When the job completes, you can access your graph data with the Gremlin console or a graph application. See Graph Usage for help with accessing your data.

Spark job arguments

ArgumentRequired?DefaultDescription
-c, -aerospike.graphloader.configyesnoneGCP bucket location of the bulk loader configuration file.

Spark job flags

FlagDescription
-validate_input_dataPerform format and data validation of all Vertex and Edge CSV files before writing to Aerospike database.
-verify_output_dataPerform verification of a percentage, specified by aerospike.graphloader.sampling-percentage, of loaded elements by reading them back after loading via a traversal query.
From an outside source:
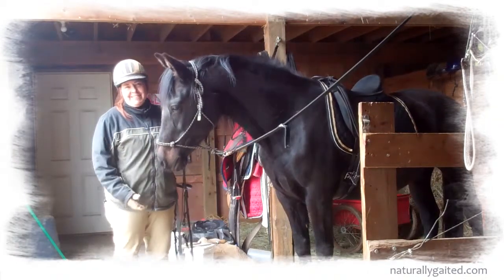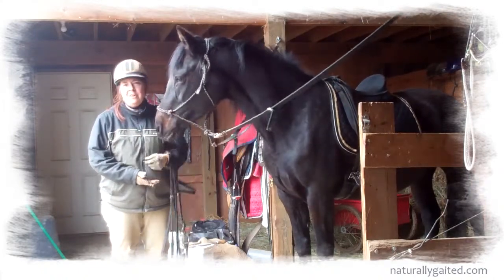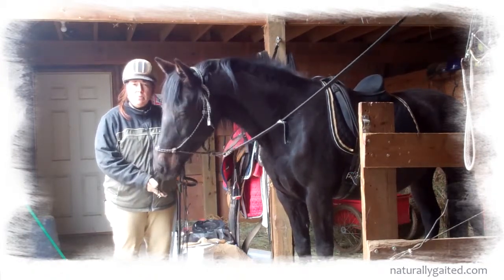Hi everybody. My name is Jennifer Klitsky, author of Naturally Gated. This is my friend's horse, Lady. She's an unregistered 10-year-old mare. We believe she's Morgan cross, but we also believe she's gaited.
Bulk loader progress steps

StepDescription
Preflight checkVerify the CSV format to be properly formatted and parsable.
Temp data writingIntermediate transformative step to generate data for efficient writing of graph elements to the database.
Supernode extractionDetect supernodes (nodes that are densely connected) in the dataset in order to properly write them.
Vertex writingWrite vertices to the database.
Vertex validationValidate accuracy of written vertices via graph traversal queries.
Edge writingWrite edges to the database.
Edge validationValidate accuracy of written edges via graph traversal queries.
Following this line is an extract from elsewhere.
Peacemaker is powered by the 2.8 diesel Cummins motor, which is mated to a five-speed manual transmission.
Procedure for the gcloud command-line interface (CLI)

You can also use the gcloud CLI to perform bulk loading operations.

  1. Install the gcloud CLI if you don't already have it.
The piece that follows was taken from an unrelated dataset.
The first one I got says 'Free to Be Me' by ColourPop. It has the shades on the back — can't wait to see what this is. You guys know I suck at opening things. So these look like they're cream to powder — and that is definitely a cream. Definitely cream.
  2. Use the gcloud init command to authorize commands against your GCP account.

  3. Use the gcloud dataproc clusters create command to to set up an Apache Spark cluster in your GCP account.

    The following is an example command to set up a typical cluster. Modify the command line arguments as needed for your use case. Refer to the gcloud documentation for a complete reference of command line arguments.

    gcloud dataproc clusters create testcluster \
    --enable-component-gateway \
    --region us-central1 \
    --zone us-central1-a \
    --master-machine-type n2-standard-8 \
    --master-boot-disk-type pd-ssd \
    --master-boot-disk-size 500 \
    --num-workers 4 \
    --worker-machine-type n2-standard-4 \
    --worker-boot-disk-type pd-ssd \
    --worker-boot-disk-size 500 \
    --image-version 2.1-debian11 \
    --properties spark:spark.history.fs.gs.outputstream.type=FLUSHABLE_COMPOSITE \
    --project <YOUR-PROJECT-NAME>
  4. Use the gcloud dataproc jobs submit spark command to run a Spark job using the Aerospike Bulk Loader JAR file.

    The following is an example command to start a typical Spark job. Modify the command line arguments as needed for your use case.

    gcloud dataproc jobs submit spark \
    --class=com.aerospike.firefly.bulkloader.SparkBulkLoaderMain \
    --jars=gs://path-to-bulkloader/aerospike-graph-bulk-loader-2.0.0.jar \
    --id loadjob \
    --cluster=testcluster \
    --region=us-central1 \
    -- -c gs://path-to-properties-file -validate_input_data -validate_output_data

    The -c argument contains the GCP bucket location of your Graph configuration file.